PEDOMANRAKYAT, MAKASSAR – Kasus penipuan, penggelapan dan pemalsuan jempol bukti pengambilan sertifikat tanah dari Pertanahan Kabupaten Bone dengan LP/26/X/2016/SPKT/Res Bone, yang sampai saat ini belum juga P-21 alias mandek.
Laporan yang sudah hampir 7 tahun sampai sekarang Polres Bone belum juga bisa melengkapi petunjuk dari JPU padahal kasus tersebut sudah di praperadilan dan petunjuk putusan sudah jelas.
Diketahui kasus ini dilaporkan sejak tahun 2016 surat laporan Nomor : STTPL/26/X/2016/Sulsel/Res Bone/Sek Cenrana. Kasus ini bermula saat H. Mappa melakukan pengurusan prona sertifikat tanah gratis di Kantor Desa Nagauleng.

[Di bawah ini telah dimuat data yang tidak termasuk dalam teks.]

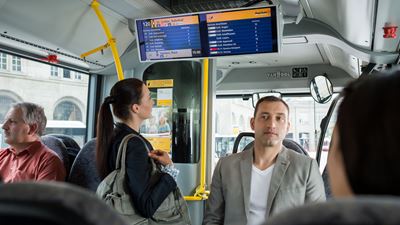 A passenger looks up information on a Postbus screen display.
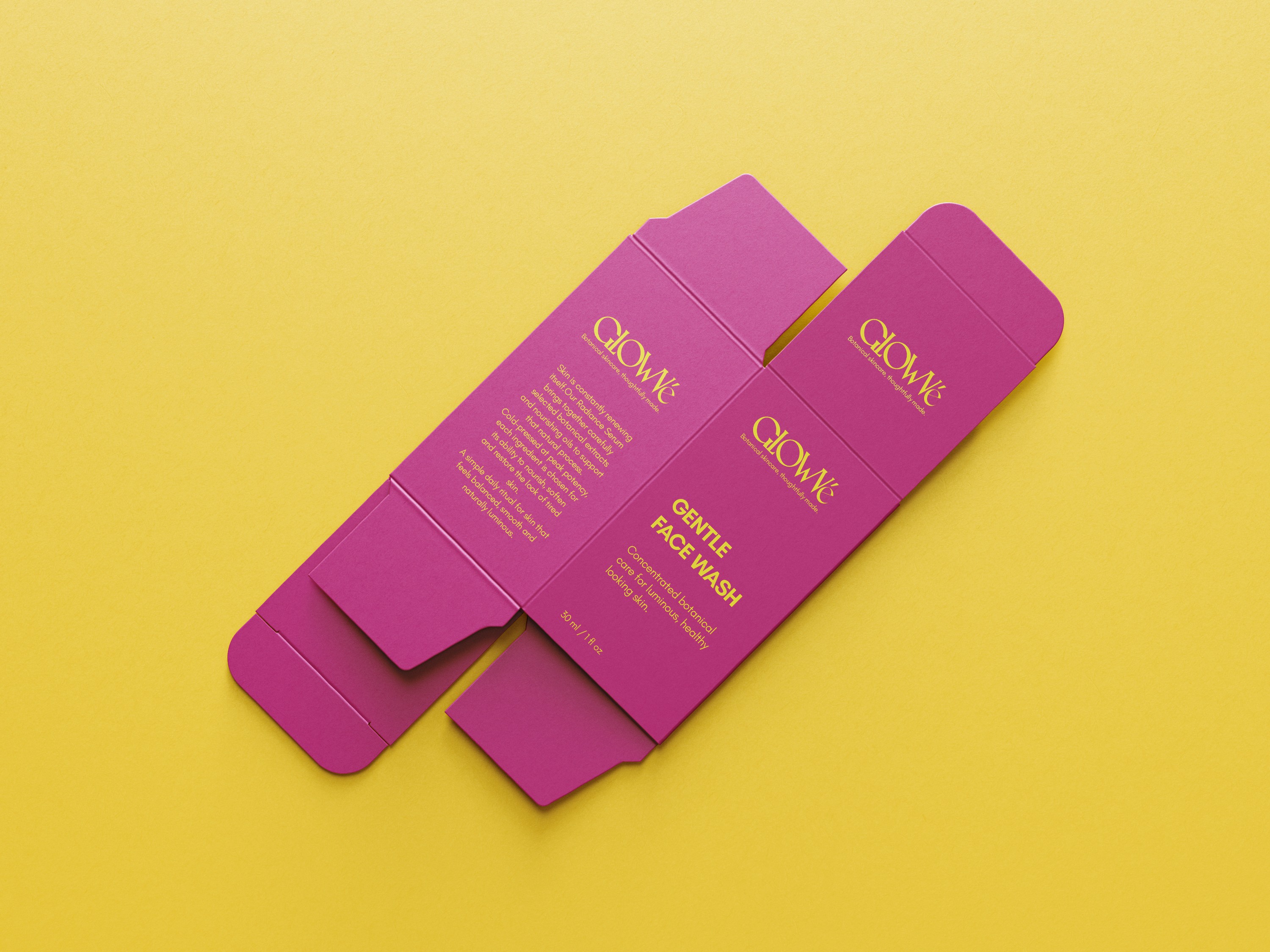 Stacked pink and red glass cosmetic jars on white—minimal skincare packaging display.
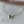 A gold-plated necklace with two butterfly pendants made of mother of pearl, displayed on a marble surface.
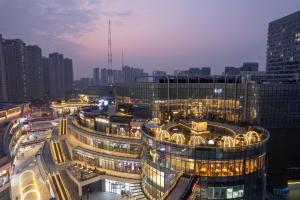 a view of a city at night with buildings at Hanting Hotel Nanjing Hexi Wanda in Nanjing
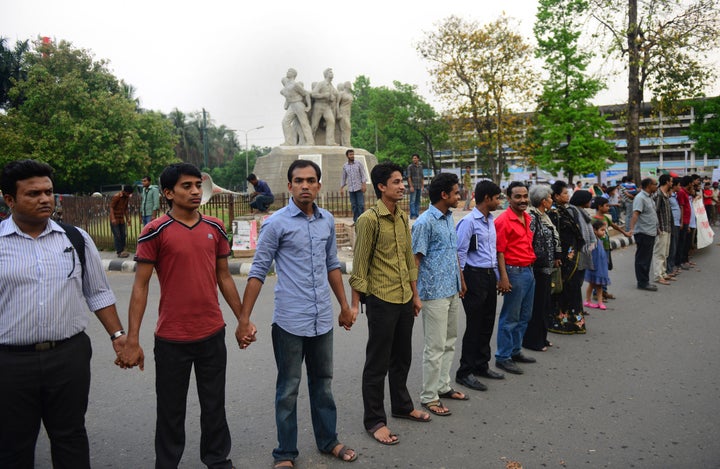 Bangladeshi bloggers form a human chain to protest against the detention of three bloggers at Dhaka University campus in Dhaka on April 2, 2013. Bangladesh police have arrested three atheist bloggers for allegedly defaming Islam and the Prophet Mohammed, police said, amid demands from religious fundamentalists for an internet crackdown. AFP PHOTO/Munir uz ZAMAN (Photo credit should read MUNIR UZ ZAMAN/AFP/Getty Images)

H. Mappa termasuk dalam peserta prona, dimana dirinya melakukan pembayaran sebesar Rp 350.000 untuk sertifikat tanah tersebut, namun sampai saat ini sertifikat tanah yang disertifikasi oleh BPN tidak kunjung diberikan oleh pihak Kepala Desa Nagauleng, padahal berdasarkan berita acara penyerahan sertifikat dengan No : 1012a/BA.73-08/XI/2011 pihak BPN sudah menyerahkan sertifikat prona 100 paket ke kepala desa sebagai penanggung jawab atas peserta prona pada saat itu untuk dibagikan.
Dimana dalam proses penerbitan sertifikat melalui prona diduga telah terjadi penipuan, penggelapan dan pemalsuan terhadap proses penerbitan dan pengambilan sertifikat tanah atas nama H. Mappa yang dilakukan oleh Sekretaris Desa Nagauleng yang sekarang sudah status tersangka.
Dalam kasus ini, telah ditetapkan satu tersangka yakni Sekertaris Desa Nagauleng (NR) yang terbukti melakukan pemalsuan cap jempol bukti pengambilan pada sertifikat tanah milik H. Mappa.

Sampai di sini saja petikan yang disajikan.